Saltámos das carteiras e seguimos atrás dele, em corrida desenfreada, em direcção ao pinhal que ficava a nascente da escola.
— Corram! Rápido! Está mesmo a chegar o inspector!
Cheios de medo do "bicho-papão" que se aproximava — como se fôssemos culpados de alguma traquinice —, corremos desalmadamente. Já no pinhal, fomo-nos escondendo atrás das densas giestas, obedecendo silenciosamente às ordens do mestre.
— Quietos! Nada de barulho. Não levantem a cabeça.
Ali ficámos, imóveis, até que o nosso mestre, após várias espreitadelas em direcção à escola, nos deu sinal de regresso. O "perigo" tinha passado.
Regressámos então à sala, de forma cuidadosa e silenciosa, como se nos tivéssemos livrado de um enorme perigo.
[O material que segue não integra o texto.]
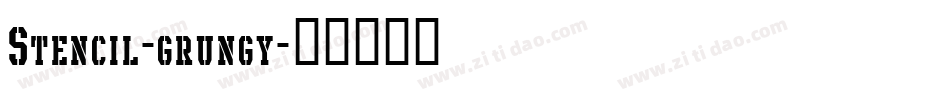 Stencil-grungy字体转换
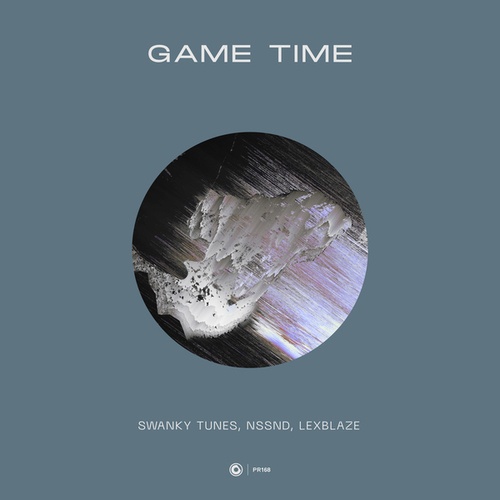 Swanky Tunes, NSSND, LexBlaze-Game Time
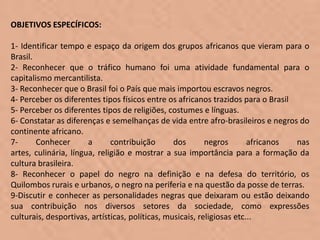 OBJETIVOS ESPECÍFICOS:

1- Identificar tempo e espaço da origem dos grupos africanos que vieram para o
Brasil.
2- Reconhecer que o tráfico humano foi uma atividade fundamental para o
capitalismo mercantilista.
3- Reconhecer que o Brasil foi o País que mais importou escravos negros.
4- Perceber os diferentes tipos físicos entre os africanos trazidos para o Brasil
5- Perceber os diferentes tipos de religiões, costumes e línguas.
6- Constatar as diferenças e semelhanças de vida entre afro-brasileiros e negros do
continente africano.
7-      Conhecer       a      contribuição       dos       negros       africanos nas
artes, culinária, língua, religião e mostrar a sua importância para a formação da
cultura brasileira.
8- Reconhecer o papel do negro na definição e na defesa do território, os
Quilombos rurais e urbanos, o negro na periferia e na questão da posse de terras.
9-Discutir e conhecer as personalidades negras que deixaram ou estão deixando
sua contribuição nos diversos setores da sociedade, como expressões
culturais, desportivas, artísticas, políticas, musicais, religiosas etc...
 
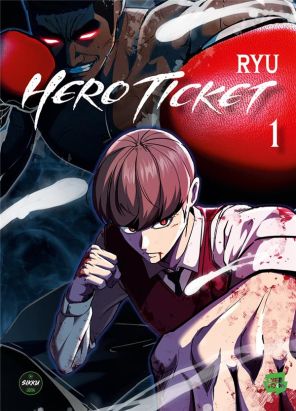Hero ticket tome 1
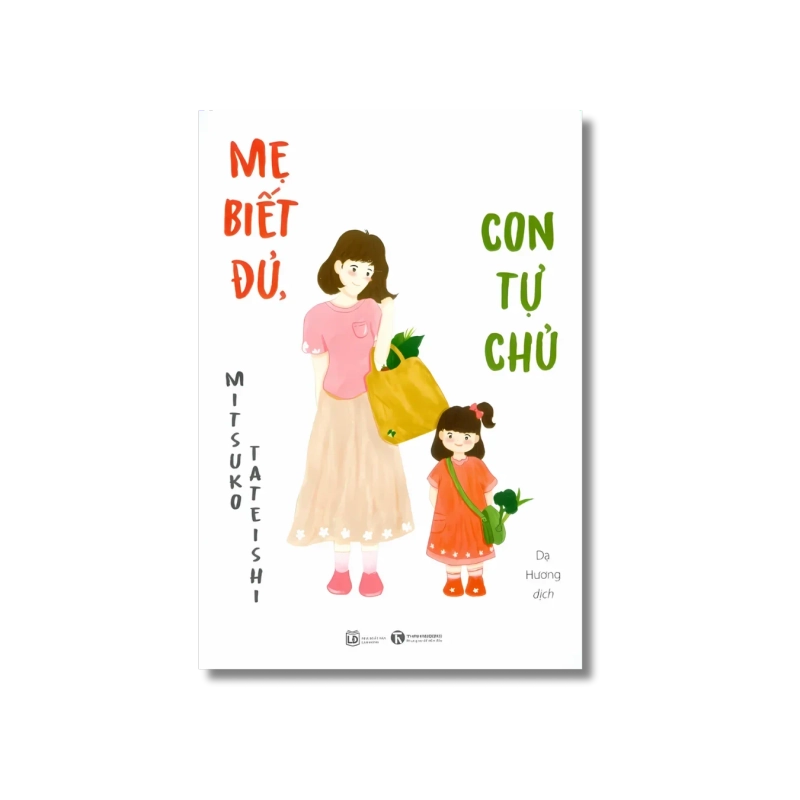 Mẹ biết đủ, con tự chủ - Mitsuko Tateishi 721475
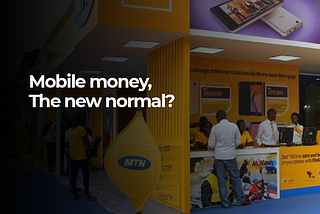 Is “Mobile money” becoming the new normal in Africa?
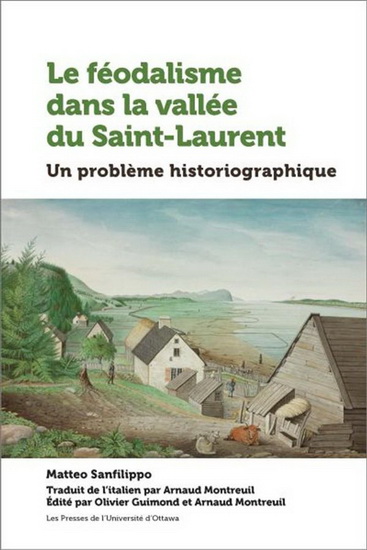 Le Féodalisme dans la vallée du Saint-Laurent : un problème historiographique - MATTEO SANFILIPPO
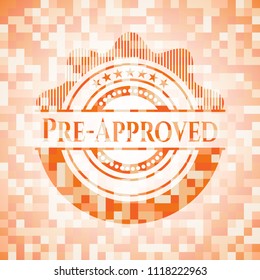 Pre-Approved abstract emblem, orange mosaic background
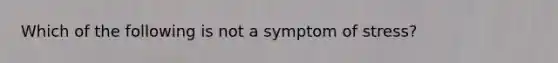 Which of the following is not a symptom of stress?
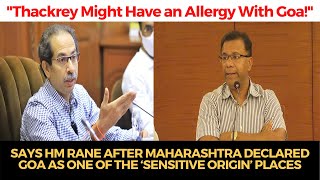 Maharashtra CM Uddhav Thackeray might have an allergy with Goa!: Rane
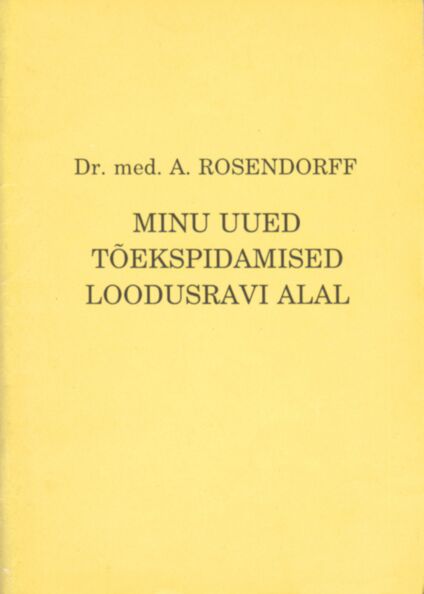Uued tõekspidamised loodusravi menetluse alal minu 50 aastase arstipraktika kogemuste najal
Só muitos anos mais tarde percebi que o verdadeiro alvo da inspecção não éramos nós… mas sim o próprio Ti Manelzinho.
Ao chegar à quarta classe, a exigência aumentou — tanto para mim como para o meu colega Salvador, da Quinta das Bolas. Ambos nos preparávamos para prosseguir os estudos e teríamos de realizar o temido exame de admissão. Era necessário saber tudo — os rios, os caminhos-de-ferro, as serras de Portugal, e até os intrincados problemas de enchimento de tanques que nos faziam perder o sono.
Depois das aulas, comecei também a ir estudar para a casa do Ti Manelzinho, onde a afável tia Virinha — sua esposa — me recebia sempre com um sorriso caloroso e um lanche reconfortante.
Aí continuávamos a resolver os complexos problemas que me davam volta à cabeça. Em paralelo, comecei a preparar um trabalho manual — a colagem de fios de lã colorida sobre uma tábua de madeira lixada e envernizada, que representava uma casa na montanha.
O meu tio dizia que, no exame da quarta classe, teríamos de apresentar um trabalho manual. O plano era simples — levaria duas tábuas, uma ainda em branco, e outra quase pronta. Iniciaria a colagem na tábua vazia e, a meio da prova, trocaria discretamente pela outra, colando mais uns fios para simular o progresso.
No dia da prova, embora nervoso e com medo de ser apanhado, executei o plano. Os professores responsáveis pela avaliação elogiaram efusivamente o meu trabalho, chegando mesmo a destiná-lo a uma exposição.
O Ti Manelzinho — amigo, mestre, cúmplice das pescarias do meu pai — ficou para sempre gravado no meu coração. Pelo que ensinou, pela forma como cuidou de mim, pela ternura com que me guiou, foi uma dessas presenças que o tempo nunca apaga.